12 May 2014

Enchanted Glass

Enchanted Glass  
 Diana Wynne Jones

Andrew Hope inherits Melstone House from his grandfather, along with the old man's field-of-care, which stretches into the countryside around the house and the local town of Melstone. Unfortunately Andrew does not fully understand the implications of what he has taken on. When orphaned Aidan Cain runs away from his foster home and turns up at Melstone House, having been told by his grandmother to go there if he's ever in danger, he brings changes in his wake. Andrew is made to remember some of the magical things his grandfather told him, and comes to understand a dangerous deal made between his ancestor and reclusive neighbour Mr Brown. How does this connect with the beautiful stained glass in Melstone House, and why are there so many people who look similar turning up.

I'm a big fan of Diana Wynne Jones, having discovered her books as a teenager and reading loads of them, even when I guess I was technically too old for most of them (not that that should be an issue with books, they are designed to be enjoyed whatever your age). Enchanted Glass is a standalone children's book set in a fictional part of rural England, with a brief diversion into London. As with many of Jones's books the setting is one where there seems to be magic, but it is not quite out in the open. Many of the main characters have some form of magic that is inherently linked to their personality - another staple of Jones's work. In the case of Stashe O'Connor it only manifests in small ways, but both Andrew and Aidan have a lot of magical talent, even if neither fully understands what they can do and they have to help each other to discover their powers.
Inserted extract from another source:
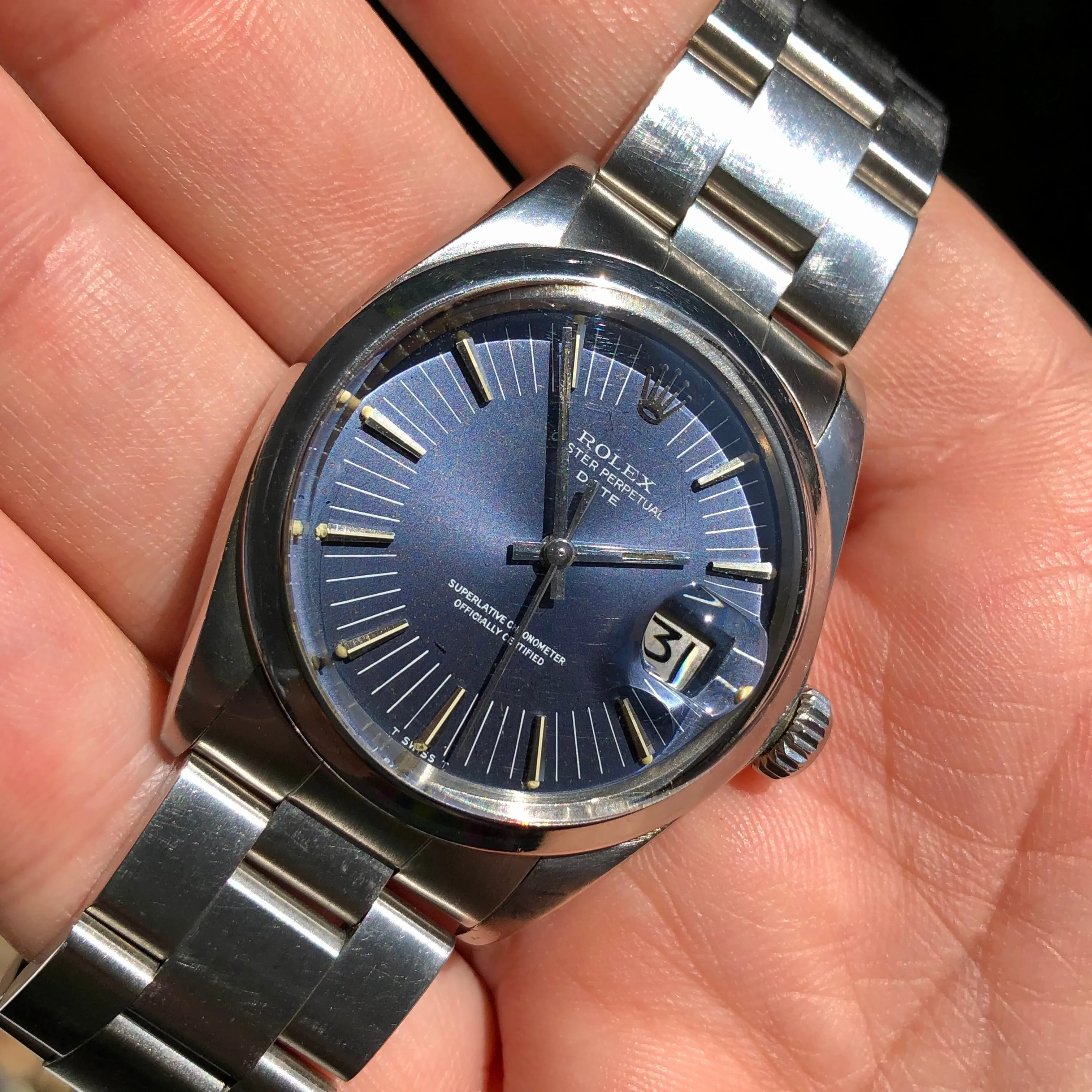 1971 Rolex Date 1500 Oyster Perpetual Blue Radial Dial Steel Automatic Wristwatch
Andrew Hope and Aidan Cain (whose name no one can get right) are the main characters. Man and boy have quite a few similarities. Both had a close relationship with a magical grandparent, both have family issues that are only partly explored. Both can do powerful magic, but aren't quite sure of themselves. Academic Andrew seems very passive and non-confrontational, causing him to have a reputation as an absent-minded professor (not that he is a professor at all). When in fact he arranges things to avoid confrontation and has a very solid presence that he doesn't always reveal. Aidan is a brave kid who runs from London to strangers in Melstone House when weird forces pursue him. He is able to show Andrew a child's-eye view of things, and reminds him of things that he had forgotten when grown up and preoccupied with adult concerns. Stashe O'Connor is the main female character, who is manipulated into helping in Andrew's house by her uncle, but soon proves invaluable at spotting when odd things are happening and sorting out problems.
The book is full of supporting characters from the small town of Melstone. Most of them have the surname Stock (Jones rightly shows that in some parts of England you do find people who aren't directly related who all have the same surname). Andrew's housekeeper and gardener are both determined to keep doing things their way and scheme against him and each other to gain the upper hand. The conflict between these characters is domestic and well written, providing much entertainment as well as contributing to the plot as much as the actions of the main characters. They are perhaps caricatures, but they are bold and memorable.

This is a fun book, full of personality and magic. The plot is well paced and rarely falls into obvious or predictable patterns. It has many of the elements often found in Jones's other stories, including an antagonist who is not immediately apparent, a modern link to folktale characters, magic in unexpected places and people getting on with their lives in the face of the unusual.